TASK ITEM - In the material below, find the span from the line with "The intensity and" to the line with "This component helps" and transcribe only those lines, exactly, ends included, without the pictures.

DATA SHOWN -

------------------------------------------------

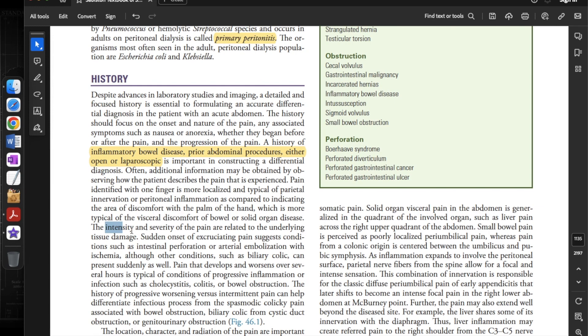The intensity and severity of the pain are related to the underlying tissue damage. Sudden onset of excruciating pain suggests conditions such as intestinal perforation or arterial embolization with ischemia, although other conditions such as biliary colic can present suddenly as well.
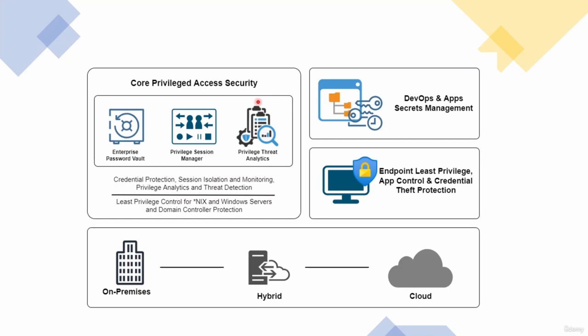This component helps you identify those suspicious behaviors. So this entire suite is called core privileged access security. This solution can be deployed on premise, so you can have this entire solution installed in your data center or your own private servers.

------------------------------------------------

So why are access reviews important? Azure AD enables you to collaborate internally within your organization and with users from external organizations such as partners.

------------------------------------------------

RESPONSE AREA -
The intensity and severity of the pain are related to the underlying tissue damage. Sudden onset of excruciating pain suggests conditions such as intestinal perforation or arterial embolization with ischemia, although other conditions such as biliary colic can present suddenly as well.
This component helps you identify those suspicious behaviors. So this entire suite is called core privileged access security. This solution can be deployed on premise, so you can have this entire solution installed in your data center or your own private servers.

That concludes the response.